Volatility is a key concern for investors in small-cap stocks, particularly during periods of market turbulence.
Investors sitting out small-cap exposure, however, are missing out on attractive returns and enhanced diversification. Advisors can therefore help clients maintain target exposure to small-cap stocks by allocating to a strategy that targets lower volatility securities, effectively smoothing out market turbulence.
“Some advisors own just large-cap U.S. equities and avoid small caps for their more risk-averse clients,” Todd Rosenbluth, head of research at VettaFi, said. “But there are some compelling small-cap ETFs that focus on less volatile stocks making exposure much more appropriate.”
The Hartford Multifactor Small Cap ETF (ROSC ) may be a solution as the fund aims to outperform cap-weighted indexes over a complete market cycle with up to 15% less volatility. ROSC invests in companies in the U.S. small-cap universe that exhibit strong and balanced exposure to the value, momentum, and quality factors.
The outlook for small-cap stocks has recently improved, as the segment of the market has rallied in recent months. Small-cap stocks are impressively outpacing large caps over the past month, highlighting the value in diversifying away from top-heavy indexes.

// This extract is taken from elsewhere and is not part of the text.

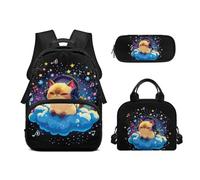 Biyejit Juego de mochilas escolares 3 en 1 para niñas, con bolsa de almuerzo, estuche para lápices, mochila escolar informal para niños, mochila escolar de 17 pulgadas, regalo, Estrellas de coche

ROSC is up 6.4% over one month while the large-cap benchmark is up 1.6% during the same period.
The Advantages of a Multifactor ETF
Many investors are not aware of the unintended risks that cap-weighted ETFs can introduce into portfolios.
While investing in the broader market – a collection of companies based on size — seems like it should offer balanced exposure, it can often introduce significant concentration risk.
On the other hand, multifactor ETFs seek to target desired return-enhancing factors and reduce exposure to unrewarded risk exposures. This is particularly impactful in the small-cap space, as the segment of the market is inherently more volatile.
For more news, information, and analysis, visit the Multifactor Channel.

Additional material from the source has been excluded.